Jhonata também destacou que os projetos desenvolvidos ao longo do ensino médio, além da participação em competições, tiveram papel importante na avaliação do currículo.
“Acredito que o que fez diferença na minha contratação foi demonstrar conhecimento na área de programação e, claro, na forma de lecionar. Ao longo do meu ensino médio, venho desenvolvendo projetos e, claro, me aprofundando em programação com o curso técnico da escola. Meus estudos em Python e na criação de jogos 2D foram decisivos para os testes que precisei passar”, disse.
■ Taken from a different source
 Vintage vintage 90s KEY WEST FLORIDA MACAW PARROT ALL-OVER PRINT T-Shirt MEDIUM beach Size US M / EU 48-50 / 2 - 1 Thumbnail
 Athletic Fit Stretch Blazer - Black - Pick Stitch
Após a inscrição, ele passou por testes que avaliaram tanto a didática quanto o domínio técnico em programação, sendo aprovado em seguida. Atualmente, atua como tutor nas linguagens Python e Scratch.
Para o estudante o aprendizado adquirido em sala de aula foi fundamental para a conquista profissional (Foto: Reprodução)
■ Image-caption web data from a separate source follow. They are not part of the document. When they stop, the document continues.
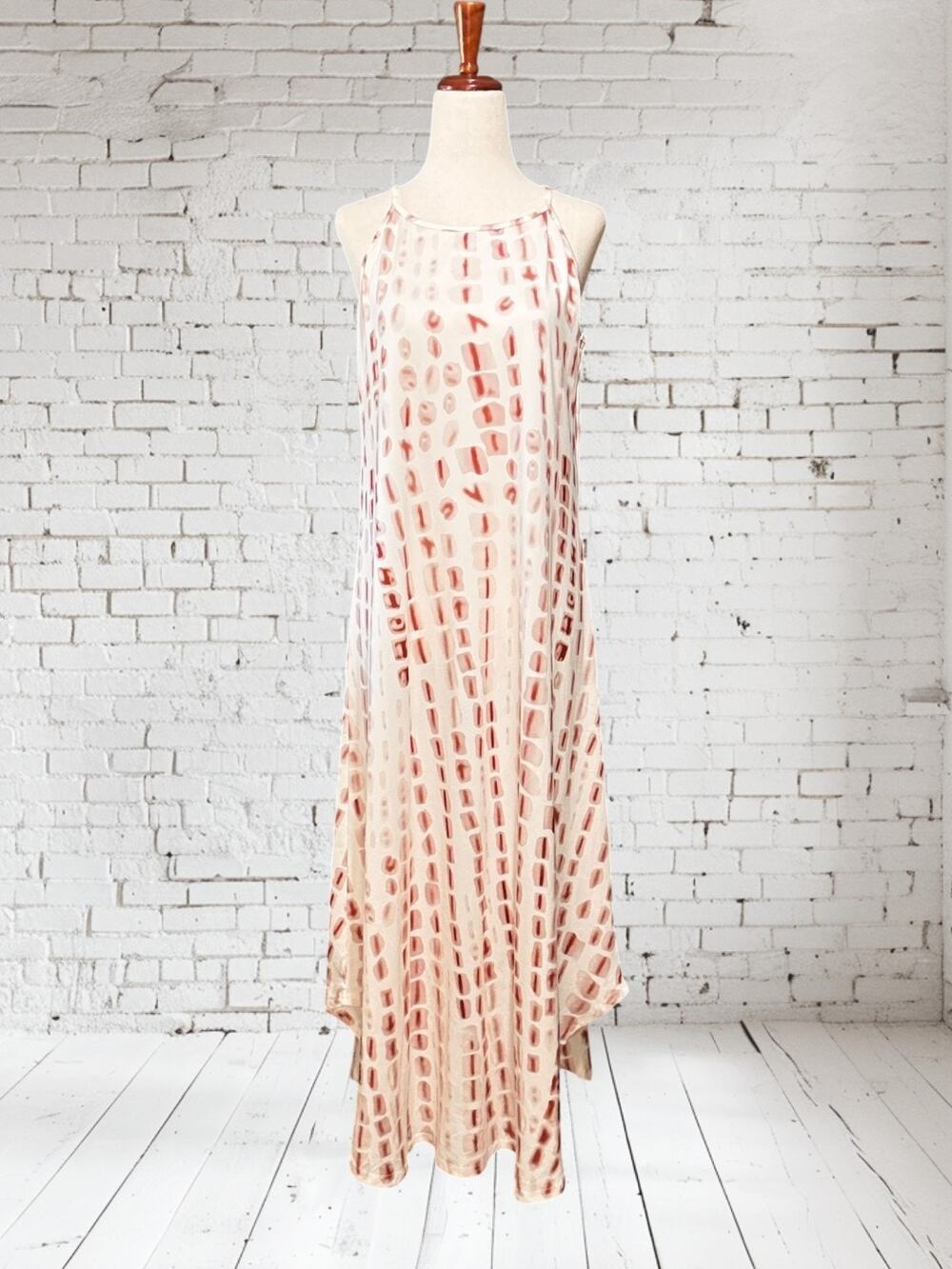 LIFE Women’s M Blush Abstract Print Sleeveless Asymmetrical Maxi Dress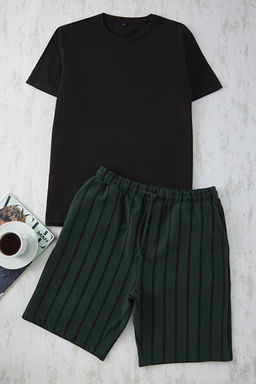 Siyah - Ye_il Regular Fit _izgili _rme Pijama Tak_m_ TMNSS25PT00029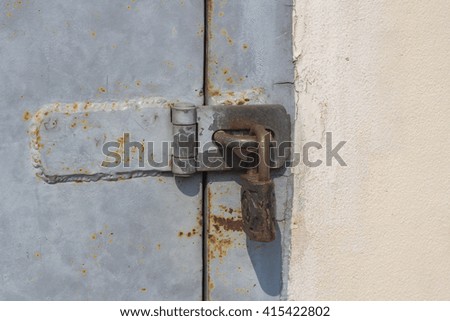 Old lock on the door.
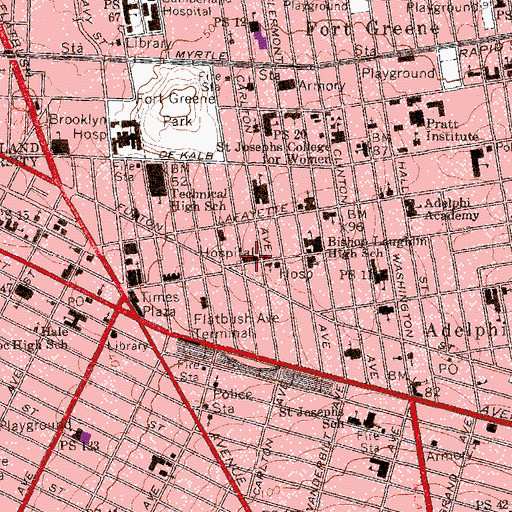 Topographic Map of Cumberland Theatre (historical), NY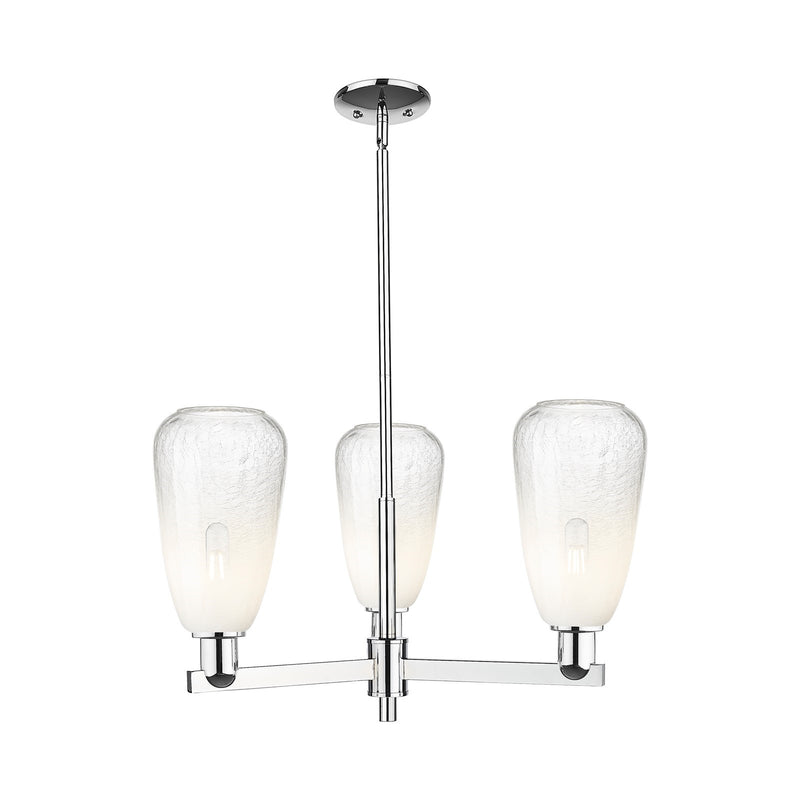 Innovations Brookhaven Almond 28in 3-Light Pendant | Industrial Polished Chrome and Opal Glass | Kitchen Island & Dining Room | Model 716-3CR-PC-G480-6OP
“Foi na escola que consegui aprender sobre programação e decidi ampliar esse conhecimento. Participei de projetos e comecei a enxergar a programação como profissão. Gosto muito de aprender coisas novas e, claro, estudar programação. Minha rotina hoje é estudar na escola em tempo integral, dar aulas a partir das 19h e, depois, estudar os conteúdos do ENEM", acrescentou.
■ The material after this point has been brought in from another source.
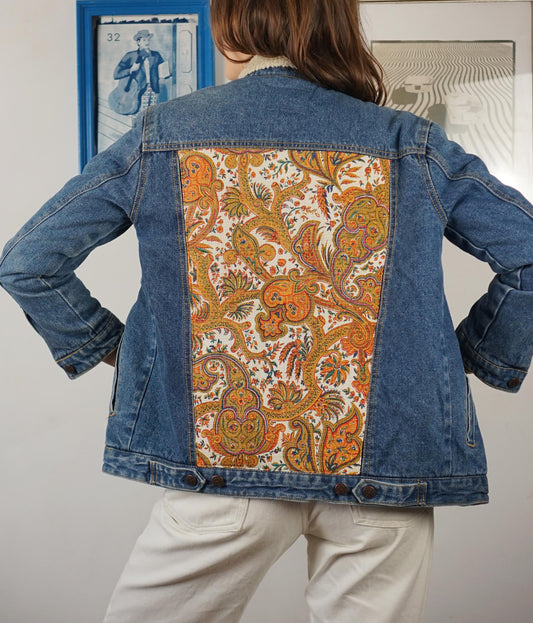 Custom Denim Sherpa Jacket - Jardins Nomadi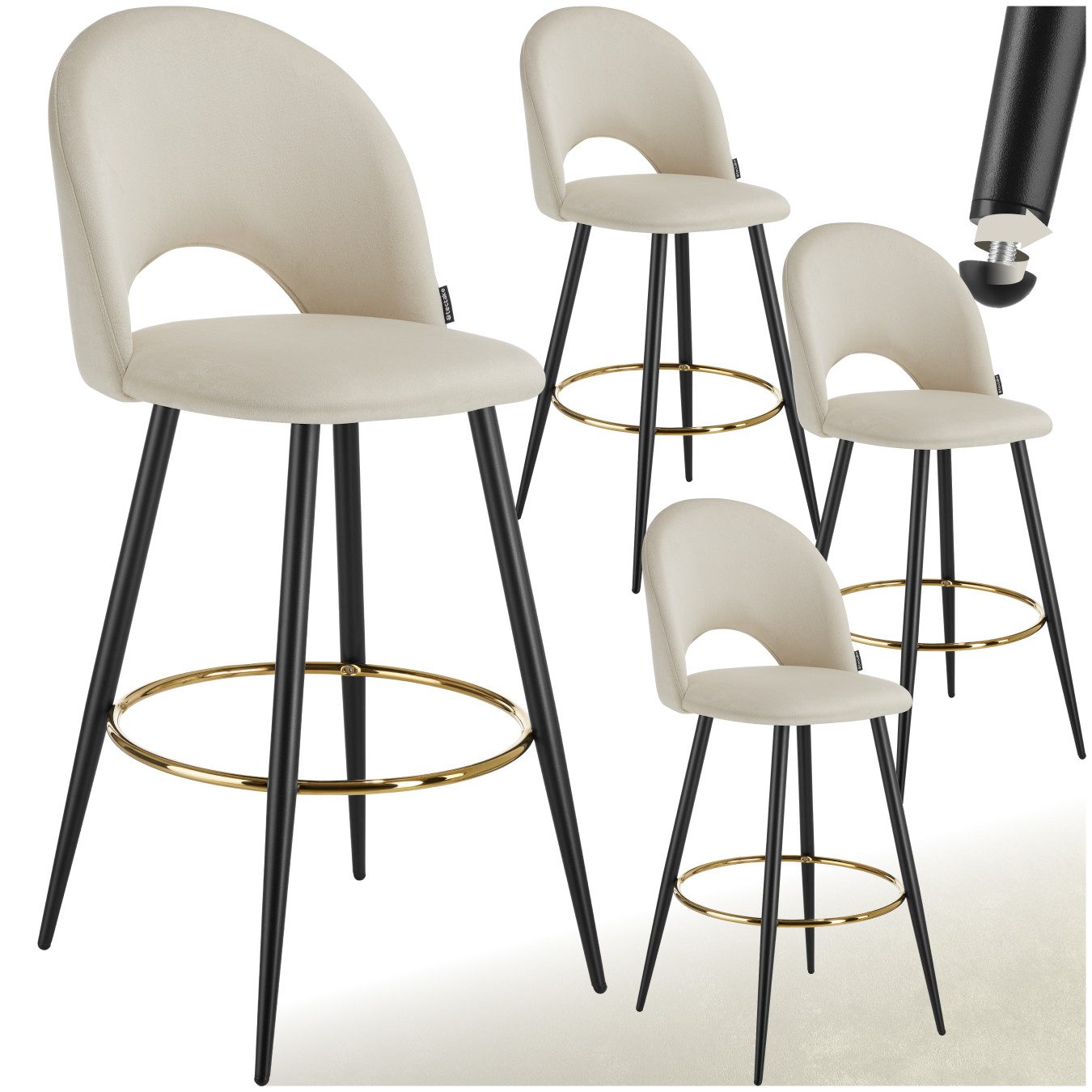 tectake Barhocker Barstuhl Sachel mit Rückenlehne, günstig online kaufen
Aulas focadas em prática e criatividade
O trabalho desenvolvido por Jhonata envolve aulas com foco em projetos práticos, que estimulam a lógica e a criatividade dos alunos.
“A gente utiliza projetos reais para fixar o conteúdo que é ensinado em aula. Sinto-me muito feliz ao saber que posso transmitir o conhecimento que tenho aos meus alunos e incentivá-los a estudar programação. Tenho consciência de que ainda sou novo e preciso me aprofundar muito mais."
Durante as atividades, os estudantes desenvolvem jogos simples e trabalham conceitos como mecânica, lógica e elementos visuais, aplicando na prática o conteúdo aprendido.
O Python, uma das linguagens mais utilizadas no mundo da tecnologia, é conhecido por sua versatilidade e facilidade de leitura. Já o Scratch é uma linguagem visual voltada para iniciantes, na qual os comandos são organizados em blocos coloridos.
Planos para o futuro
Mesmo com a experiência internacional, Jhonata já projeta os próximos passos na carreira. Entre os objetivos, está a formação em nível superior na área de tecnologia.
Meu objetivo é conseguir uma vaga no ensino superior nos cursos de Engenharia de Software ou Ciência de Dados; também considero a área de Ciência da Computação. O que conquistei até agora foi apenas o começo. Vou refinar meus conhecimentos e buscar professores que possam me ensinar ainda mais sobre programação", disse.